Recorded data
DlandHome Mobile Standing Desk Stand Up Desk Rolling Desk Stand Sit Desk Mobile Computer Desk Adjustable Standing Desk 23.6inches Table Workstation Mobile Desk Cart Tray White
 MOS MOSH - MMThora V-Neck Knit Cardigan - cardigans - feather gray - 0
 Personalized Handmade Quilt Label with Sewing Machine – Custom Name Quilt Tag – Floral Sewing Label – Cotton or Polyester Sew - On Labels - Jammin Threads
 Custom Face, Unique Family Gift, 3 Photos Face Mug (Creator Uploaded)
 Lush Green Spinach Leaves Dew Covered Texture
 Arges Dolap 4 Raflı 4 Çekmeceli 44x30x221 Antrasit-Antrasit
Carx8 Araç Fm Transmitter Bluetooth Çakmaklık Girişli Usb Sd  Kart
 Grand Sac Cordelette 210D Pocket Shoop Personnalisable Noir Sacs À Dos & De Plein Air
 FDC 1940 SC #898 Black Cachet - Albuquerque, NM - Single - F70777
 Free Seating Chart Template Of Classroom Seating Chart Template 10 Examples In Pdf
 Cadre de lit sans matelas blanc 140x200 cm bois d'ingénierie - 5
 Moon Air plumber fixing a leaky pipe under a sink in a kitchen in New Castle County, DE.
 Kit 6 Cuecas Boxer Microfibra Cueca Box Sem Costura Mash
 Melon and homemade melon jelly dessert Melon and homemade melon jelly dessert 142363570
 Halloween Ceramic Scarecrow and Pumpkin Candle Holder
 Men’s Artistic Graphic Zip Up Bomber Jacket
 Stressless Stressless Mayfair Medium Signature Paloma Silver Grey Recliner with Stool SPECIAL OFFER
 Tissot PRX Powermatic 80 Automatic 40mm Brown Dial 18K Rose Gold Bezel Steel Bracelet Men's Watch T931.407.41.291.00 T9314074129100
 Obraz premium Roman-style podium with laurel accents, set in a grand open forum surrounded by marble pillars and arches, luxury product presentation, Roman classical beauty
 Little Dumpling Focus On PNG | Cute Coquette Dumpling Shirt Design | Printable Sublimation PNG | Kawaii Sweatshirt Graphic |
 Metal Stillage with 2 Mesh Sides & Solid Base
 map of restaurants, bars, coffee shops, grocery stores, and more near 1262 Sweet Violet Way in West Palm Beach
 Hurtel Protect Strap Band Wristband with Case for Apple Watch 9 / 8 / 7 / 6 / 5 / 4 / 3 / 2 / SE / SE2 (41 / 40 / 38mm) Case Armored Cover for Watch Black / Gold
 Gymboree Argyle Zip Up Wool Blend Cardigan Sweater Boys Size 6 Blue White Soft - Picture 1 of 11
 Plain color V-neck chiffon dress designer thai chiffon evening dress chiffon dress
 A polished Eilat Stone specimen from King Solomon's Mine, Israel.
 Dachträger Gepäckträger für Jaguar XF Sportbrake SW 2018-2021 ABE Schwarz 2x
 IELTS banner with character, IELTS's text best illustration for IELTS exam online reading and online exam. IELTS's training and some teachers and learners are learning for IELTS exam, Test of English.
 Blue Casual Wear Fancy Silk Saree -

Exercise goal:
Gather each line in these records that contains the string "Black".

Task answer:
 FDC 1940 SC #898 Black Cachet - Albuquerque, NM - Single - F70777
 Hurtel Protect Strap Band Wristband with Case for Apple Watch 9 / 8 / 7 / 6 / 5 / 4 / 3 / 2 / SE / SE2 (41 / 40 / 38mm) Case Armored Cover for Watch Black / Gold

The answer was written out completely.